Today, our Whitecourt dentists discuss the different kinds of restorative dental services that may be available, and how they could help restore your dental health.
Restorative Dental Care
In simpler terms, restorative dental care refers to treatments that help restore the function, integrity, or/and structure of a tooth or teeth that are damaged. This damage could include various conditions such as decay or injury (chipping, or other external trauma). The aim of restorative dental treatment is to restore the damaged tooth or teeth back to their usual function.
Generally, it's hard to guess the timeline of restorative dental treatments, as there are lots of factors contributing to how they result, like the complexity of the procedure, the severity of the tooth's damage, and how comfortable the patient is during the process of their treatment.
The Importance of Restorative Care
To put it simply, badly decaying teeth can adversely affect your appearance, self-esteem, and even your overall health (not just your oral health). Replacing and/or fixing decaying teeth can help maintain good oral health by preventing plaque build-up. Further, filling open or damaged spots in vacant areas of the mouth is important for keeping teeth well-aligned. And, believe it or not, replacing missing teeth can put far less pressure on remaining teeth when eating. The more teeth there are, the easier it will be to chew and the less plaque build-up there will be on the natural teeth.
The Dental Treatment Process
Prior to starting your treatment, your dentist will probably run diagnostic tests such as X-rays and an oral examination to diagnose your condition.
However, treatment differs for each person.

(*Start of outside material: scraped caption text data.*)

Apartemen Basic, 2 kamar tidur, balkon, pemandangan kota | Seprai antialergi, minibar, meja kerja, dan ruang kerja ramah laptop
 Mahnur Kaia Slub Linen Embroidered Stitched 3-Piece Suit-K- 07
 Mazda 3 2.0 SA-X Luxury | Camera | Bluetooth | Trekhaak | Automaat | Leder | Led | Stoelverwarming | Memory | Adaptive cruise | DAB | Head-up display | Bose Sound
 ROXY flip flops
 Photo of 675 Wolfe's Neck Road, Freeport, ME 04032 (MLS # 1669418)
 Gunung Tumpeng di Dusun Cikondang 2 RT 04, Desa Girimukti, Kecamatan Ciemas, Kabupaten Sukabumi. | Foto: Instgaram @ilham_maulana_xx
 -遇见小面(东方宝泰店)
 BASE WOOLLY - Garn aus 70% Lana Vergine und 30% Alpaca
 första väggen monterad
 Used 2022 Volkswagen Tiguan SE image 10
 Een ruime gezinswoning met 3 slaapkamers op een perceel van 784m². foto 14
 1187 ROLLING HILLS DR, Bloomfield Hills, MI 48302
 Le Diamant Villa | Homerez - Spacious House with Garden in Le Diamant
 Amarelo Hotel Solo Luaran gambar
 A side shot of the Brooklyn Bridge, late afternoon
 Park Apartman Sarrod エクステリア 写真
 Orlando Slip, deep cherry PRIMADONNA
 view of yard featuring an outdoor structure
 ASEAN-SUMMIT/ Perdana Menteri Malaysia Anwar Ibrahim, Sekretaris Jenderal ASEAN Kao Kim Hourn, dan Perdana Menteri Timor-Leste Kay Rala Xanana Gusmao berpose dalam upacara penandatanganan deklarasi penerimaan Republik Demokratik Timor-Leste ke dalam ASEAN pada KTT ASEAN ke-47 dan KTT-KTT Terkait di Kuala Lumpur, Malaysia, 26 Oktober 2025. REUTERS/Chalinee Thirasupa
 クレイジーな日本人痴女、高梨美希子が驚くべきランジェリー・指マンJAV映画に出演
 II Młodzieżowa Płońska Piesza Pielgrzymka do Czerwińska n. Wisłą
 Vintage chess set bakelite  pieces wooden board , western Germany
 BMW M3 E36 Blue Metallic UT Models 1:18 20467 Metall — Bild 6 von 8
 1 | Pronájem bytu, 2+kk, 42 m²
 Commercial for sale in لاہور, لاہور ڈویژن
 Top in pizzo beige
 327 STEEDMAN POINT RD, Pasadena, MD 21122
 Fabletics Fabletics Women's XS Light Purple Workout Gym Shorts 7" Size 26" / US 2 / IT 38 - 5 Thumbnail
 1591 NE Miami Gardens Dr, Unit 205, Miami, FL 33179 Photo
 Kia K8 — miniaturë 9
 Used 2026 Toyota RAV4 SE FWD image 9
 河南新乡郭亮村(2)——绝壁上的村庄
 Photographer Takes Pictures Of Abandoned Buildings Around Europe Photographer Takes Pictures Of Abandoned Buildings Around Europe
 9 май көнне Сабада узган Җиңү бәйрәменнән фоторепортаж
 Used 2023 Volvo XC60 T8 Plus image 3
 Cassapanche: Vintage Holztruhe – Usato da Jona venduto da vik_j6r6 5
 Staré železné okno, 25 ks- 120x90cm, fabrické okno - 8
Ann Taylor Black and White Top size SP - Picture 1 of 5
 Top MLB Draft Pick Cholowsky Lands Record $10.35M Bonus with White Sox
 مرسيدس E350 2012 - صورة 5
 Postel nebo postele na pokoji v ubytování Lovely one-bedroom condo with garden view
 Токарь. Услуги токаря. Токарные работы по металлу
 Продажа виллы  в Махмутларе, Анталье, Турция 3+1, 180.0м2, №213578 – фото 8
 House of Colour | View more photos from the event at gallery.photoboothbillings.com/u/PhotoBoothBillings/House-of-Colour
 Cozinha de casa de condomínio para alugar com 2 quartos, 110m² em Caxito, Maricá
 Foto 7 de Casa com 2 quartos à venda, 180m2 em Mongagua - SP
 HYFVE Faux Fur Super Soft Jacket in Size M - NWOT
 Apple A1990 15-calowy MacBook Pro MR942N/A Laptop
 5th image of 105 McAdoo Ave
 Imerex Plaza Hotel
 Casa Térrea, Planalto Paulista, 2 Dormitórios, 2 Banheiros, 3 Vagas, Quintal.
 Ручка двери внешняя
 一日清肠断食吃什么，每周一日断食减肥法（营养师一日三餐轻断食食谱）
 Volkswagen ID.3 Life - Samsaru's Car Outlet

Sometimes if the damage isn't too serious the treatment is minimally-invasive, only needing one dental visit. In other cases, when the damage is a lot more extensive, needing a more complex procedure, the treatment will probably require multiple appointments. Again, depending on the needs of the patient, your dentist may need to call in specialists, such as an endodontist, prosthodontist, or maxillofacial surgeon.
During the procedure, your dentist might use different types of anesthesia so that you don't feel any pain. They might also use anesthesia to calm your anxiety or fears.
Most dental restoration procedures are classified as either direct or indirect. Direct procedures usually involve repairs done inside the mouth. Indirect procedures are done outside the mouth and then attached to the tooth or the tooth structure. Your dentist will determine what procedure is best for you.
This common procedure can also be referred to as 'fillings.' With direct restoration, your dentist usually places a mouldable substance inside of a cleaned tooth cavity. This material will harden and restore the tooth's structure. Common materials used for fillings include silver amalgam, composite fillings, and glass ionomer fillings.
With indirect restorations, construction happens outside the mouth. There is usually much more work involved with indirect restorations, but the results are usually more stable and long-lasting. It can also restore the overall look of your teeth. Some common examples of indirect restorations include veneers, crowns & bridges, implants, and inlays & onlays.